- Lorna Irvine
- 7 February 2019
Classic dysfunctional dinner party hits the spot
There's always the worry that Mike Leigh's classic seventies suburban nightmare will be little more than a museum piece. Not so with director Sarah Esdaile's new adaptation, which, although a slow burner initially, hits most of the play's original beats, and adds a few more.
Jodie Prenger as the praying mantis in polyester, hostess Beverly, is the play's centre, as spiky as her cheese and pineapple on sticks. Verbally eviscerating all of her guests one by one becomes just another sashay in her unhappy but comfortably appointed home. The audience are placed as voyeurs to the destruction when Janet Bird's glass partition raises up to thrust the focus on the typically ghastly décor of the time.

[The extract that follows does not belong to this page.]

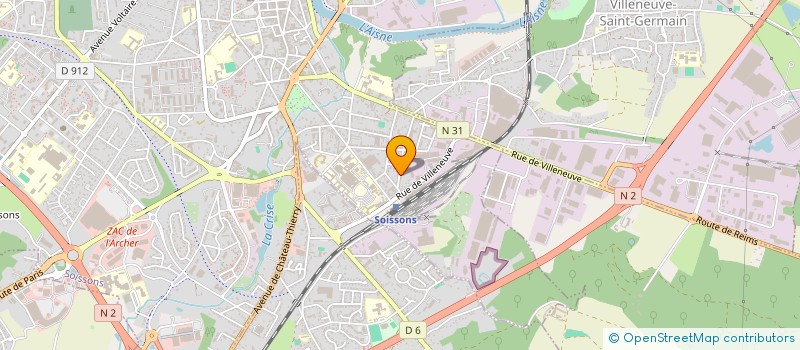 localisation de l'entreprise FINSBURY CONSEIL  SOISSONS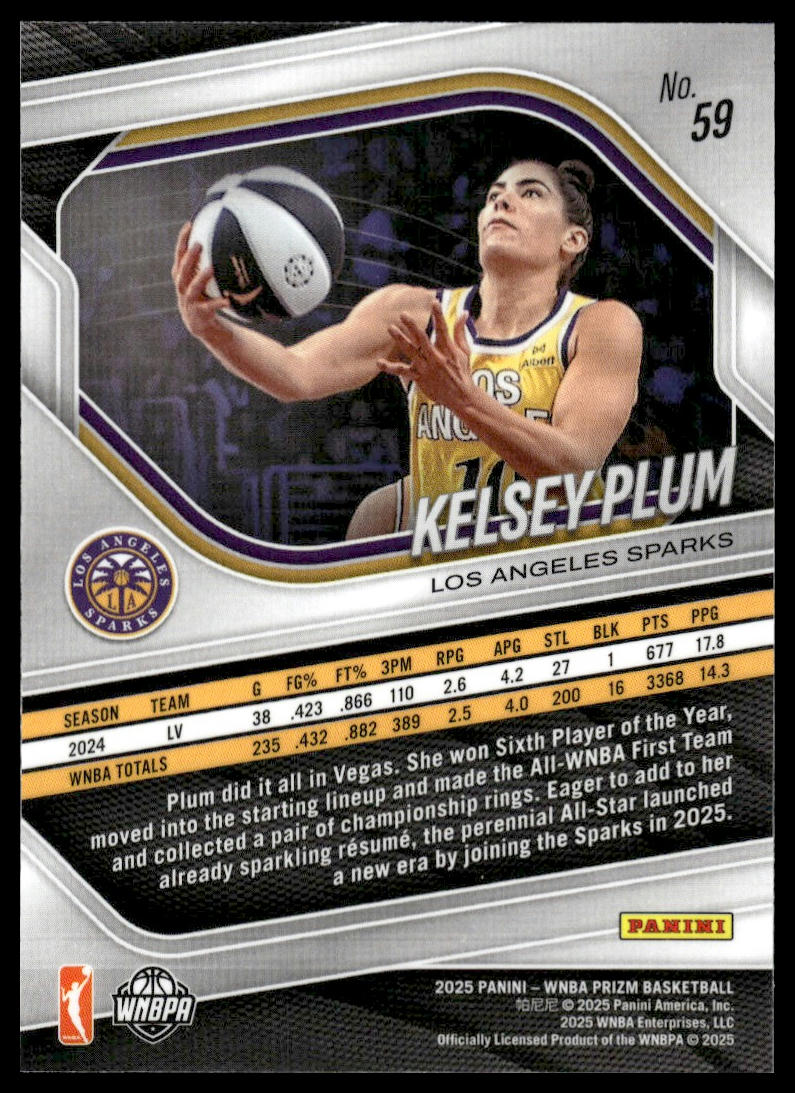 2025 Panini Prizm WNBA #59 Kelsey Plum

Mousey hippy neighbour Sue (Rose Keegan) whose teen daughter Abigail is never seen, but her party heard bleeding through the walls, becomes a symbol of the class divide. When she wafts into the house as a guest, her piano lessons and Beaujolais expose both Beverly's ignorance, and the cracks in her marriage to pompous Little Englander estate agent Laurence (Daniel Casey).

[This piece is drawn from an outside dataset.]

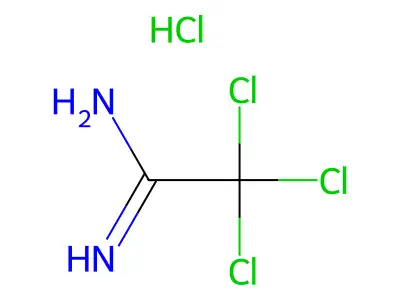 Trichloroethanimidamide hydrochloride structure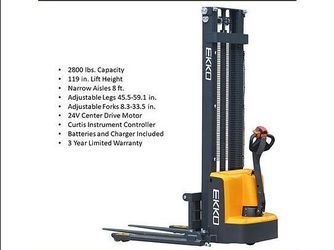 EKKO Electric Walkie Pallet Stacker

Both Beverly and Laurence are superbly portrayed by Prenger and Casey as the couple to actively avoid on the street, but it's Calum Callaghan who most intrigues as the initially taciturn Tony, the computer operator married to sweet, childlike Angela (Vicky Binns). His volatile nature hints at darker issues, glossed over here but always burning like the cigarettes he will never quit.
It rather lacks the darkness of the original TV play, but there's still enough meat on its bones to satisfy.
Theatre Royal, Glasgow, until Sat 9 February, then touring.